- Brief:
Could the lines from the line bearing "thumbnail image 2" to the end of the records below be copied exactly, with the pictures left out and no other lines added?

** Opening Dataset records block **

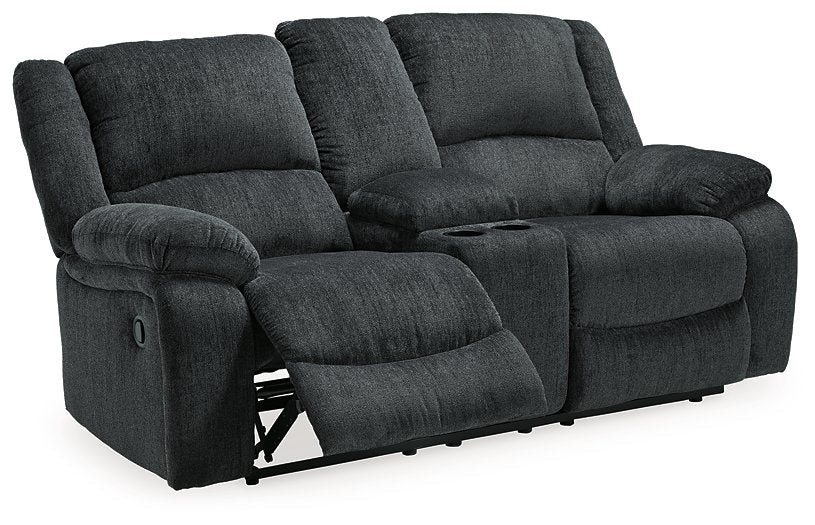 Draycoll Reclining Loveseat with Console - Loveseat - Half Price Furniture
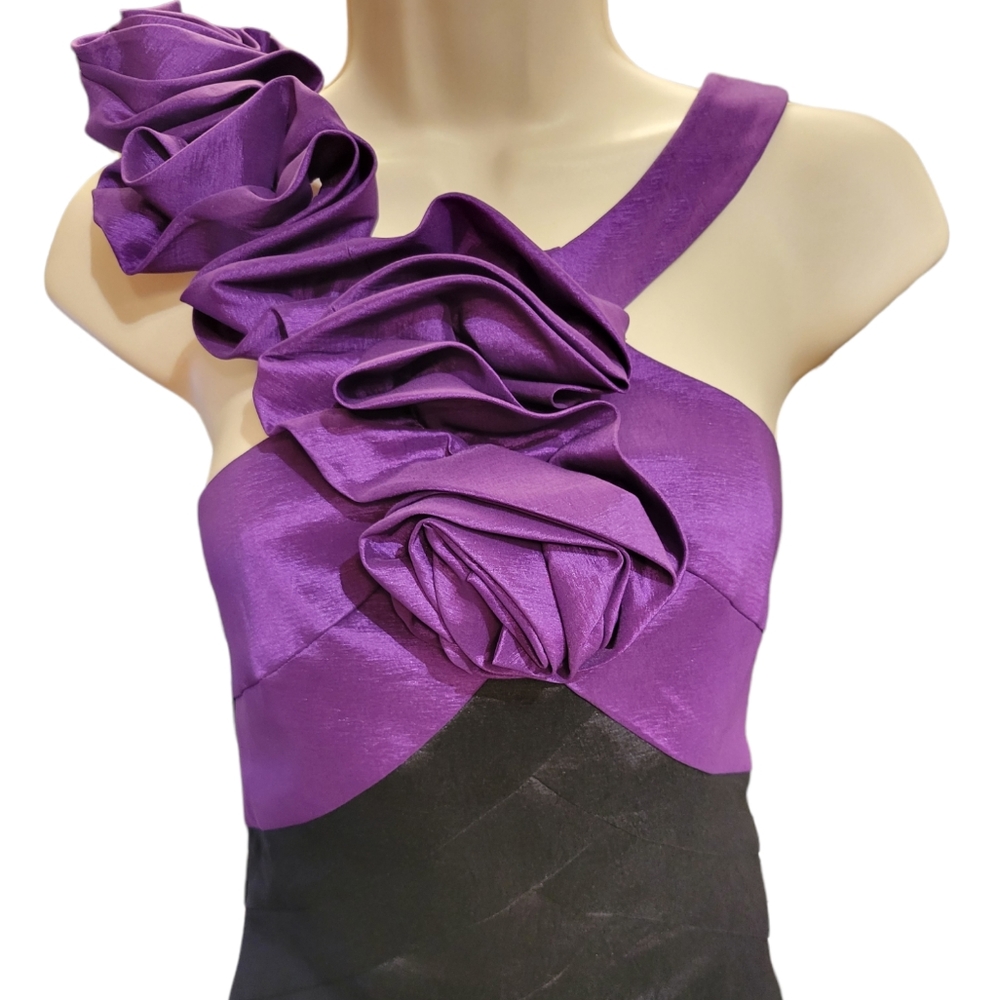 Jolie 8 Party Dress, Purple Corsage, Black Rest of the Dress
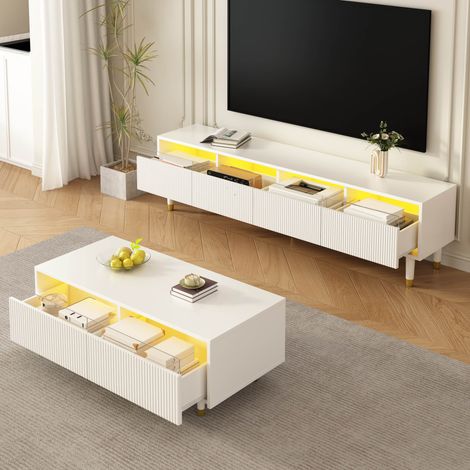 Ensemble mobilier design avec éclairage LED : buffet TV 4 portes et table basse 2 tiroirs – blanc et or, structure ondulée, façades acrylique, style chic moderne. (1/5)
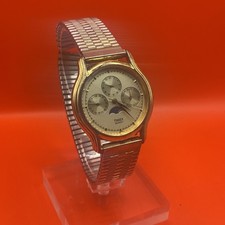 Vintage Men’s Times Moonphase Triple Date Gold Watch RARE 1980s Style Untested
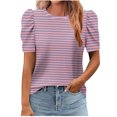 thumbnail image 2 of JTZGDY Womens Summer Tops Casual Puff Short Sleeve Striped/Polka Dot Print Crewneck Tunic Blouse Trendy Oversized Graphic T-Shirts Fashion 2025 Clothes Pink#02 M, 2 of 6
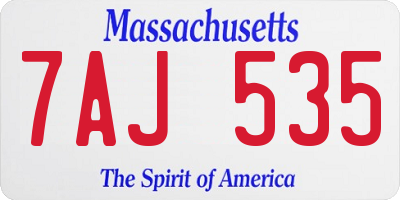 MA license plate 7AJ535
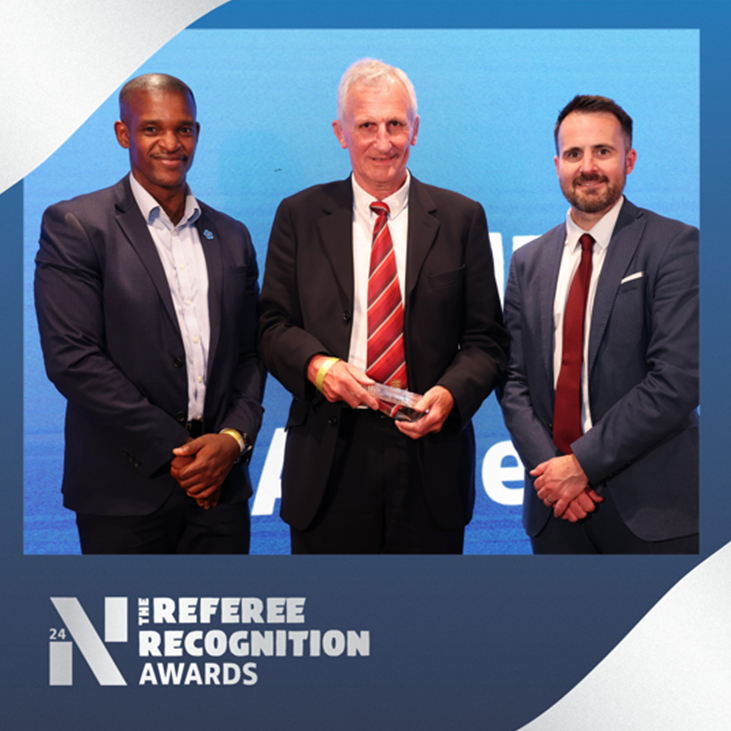 FARefereeing's tweet photo. Congratulations also to Paul Daniel from @JerseyFA, who has been recognised with Highly Commended in the Lifetime Achievement Award. 🙌
#RRA24 https://t.co/ut0oRxDkxU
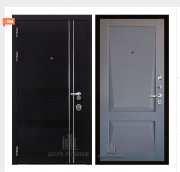 Дверь входная взломостойкая Сенатор Карбон, цвет черная мозаика,  панель - perfecto цвет серый бархат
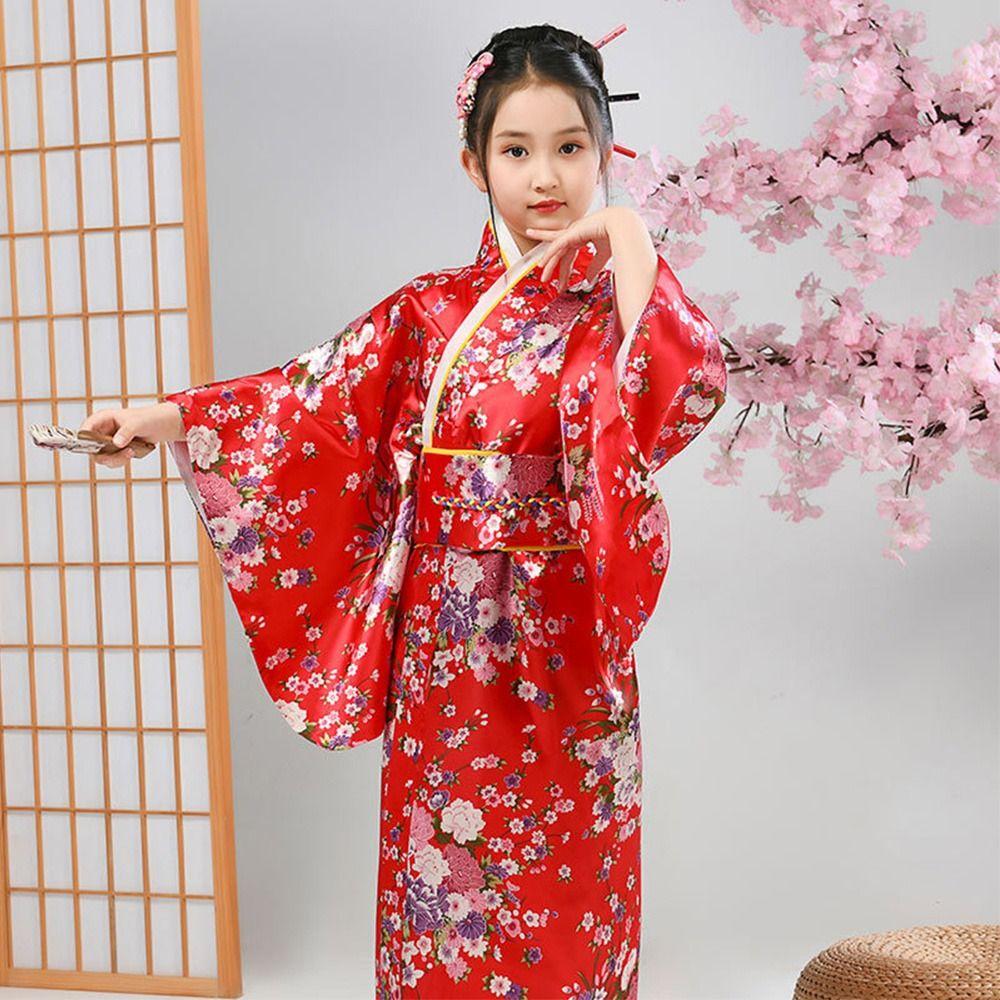 Bathrobe Gown Yukata Dress Cherry Blossom Pattern Cosplay Costume Kids Boys Girls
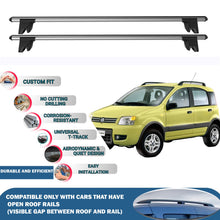 Lockable Roof Rack Cross Bars for Fiat Panda 4X 2004-2012 | Heavy Duty Rail Carrier 2 Pcs Grey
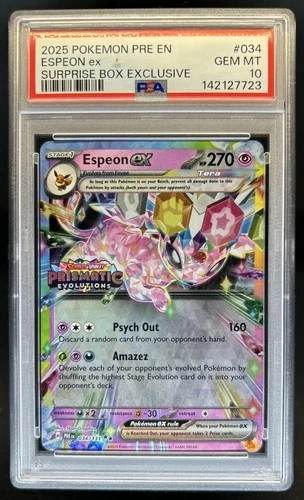 2025 Pokemon Prismatic Evolutions Espeon ex Promos Surprise Box #034/131 PSA 10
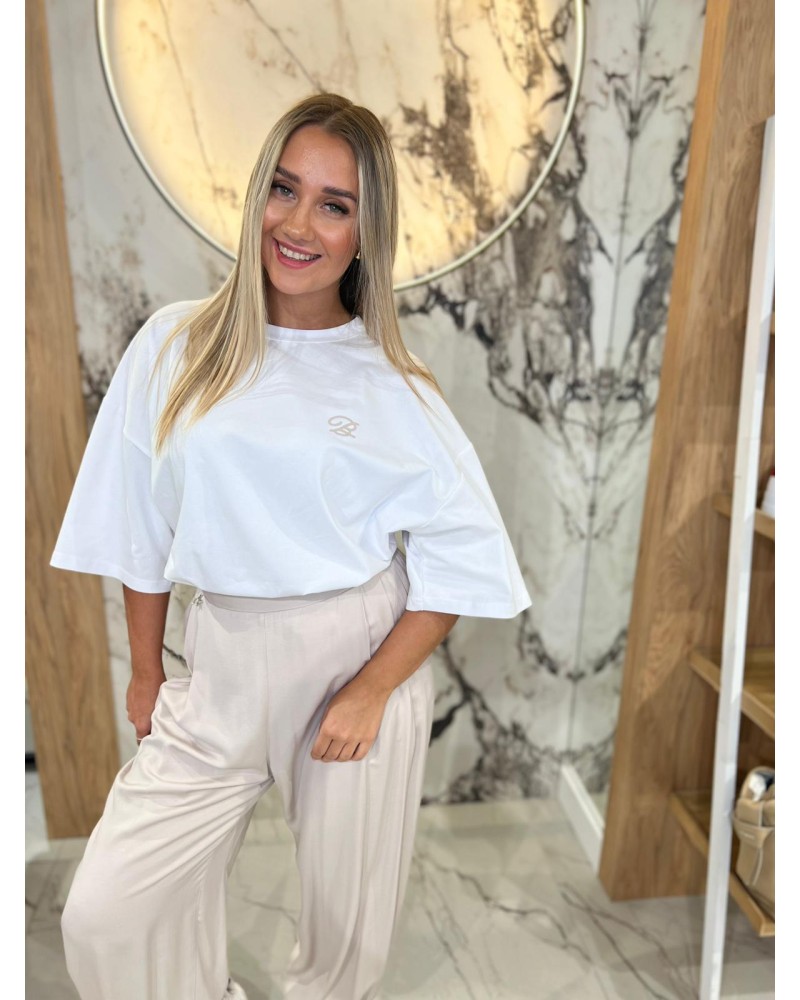 T-shirt z kwiatowym tyłem By o la la...! biały z nude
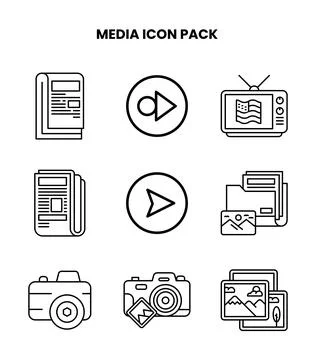 Media Line Vector Icons Pack Stock Illustration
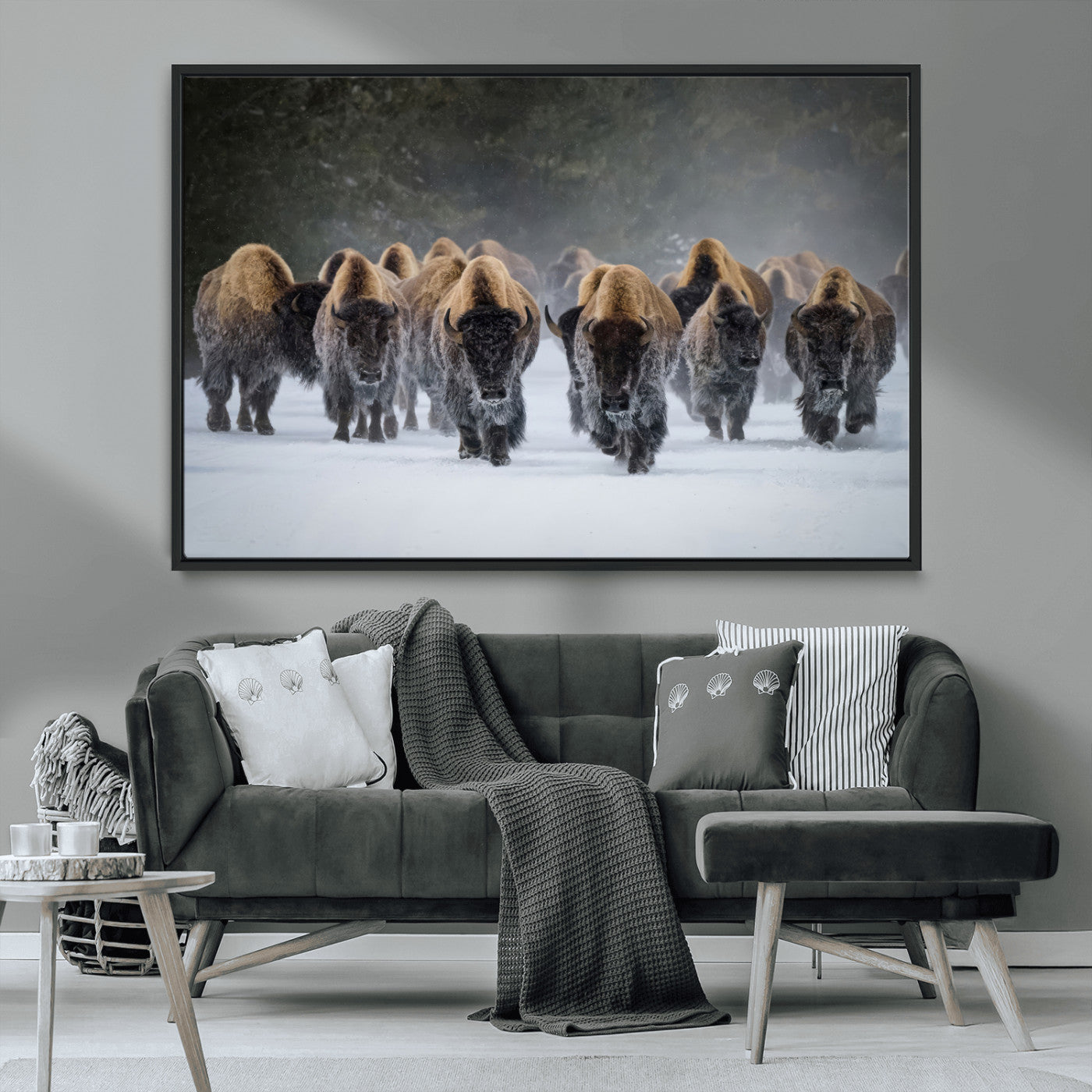 41669135-MGV-CV-36X24-Bison Herd Scene Wall Art Canvas Print, Framed Rustic Wildlife Decor Art Picture Print, Snowy Bison Landscape Perfect Rustic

** Closing Dataset records block **

- Completed task:
 thumbnail image 2 of JTZGDY Womens Summer Tops Casual Puff Short Sleeve Striped/Polka Dot Print Crewneck Tunic Blouse Trendy Oversized Graphic T-Shirts Fashion 2025 Clothes Pink#02 M, 2 of 6
 MA license plate 7AJ535
 FARefereeing's tweet photo. Congratulations also to Paul Daniel from @JerseyFA, who has been recognised with Highly Commended in the Lifetime Achievement Award. 🙌
#RRA24 https://t.co/ut0oRxDkxU
 Дверь входная взломостойкая Сенатор Карбон, цвет черная мозаика,  панель - perfecto цвет серый бархат
 Bathrobe Gown Yukata Dress Cherry Blossom Pattern Cosplay Costume Kids Boys Girls
 Lockable Roof Rack Cross Bars for Fiat Panda 4X 2004-2012 | Heavy Duty Rail Carrier 2 Pcs Grey
 2025 Pokemon Prismatic Evolutions Espeon ex Promos Surprise Box #034/131 PSA 10
 T-shirt z kwiatowym tyłem By o la la...! biały z nude
 Media Line Vector Icons Pack Stock Illustration
 41669135-MGV-CV-36X24-Bison Herd Scene Wall Art Canvas Print, Framed Rustic Wildlife Decor Art Picture Print, Snowy Bison Landscape Perfect Rustic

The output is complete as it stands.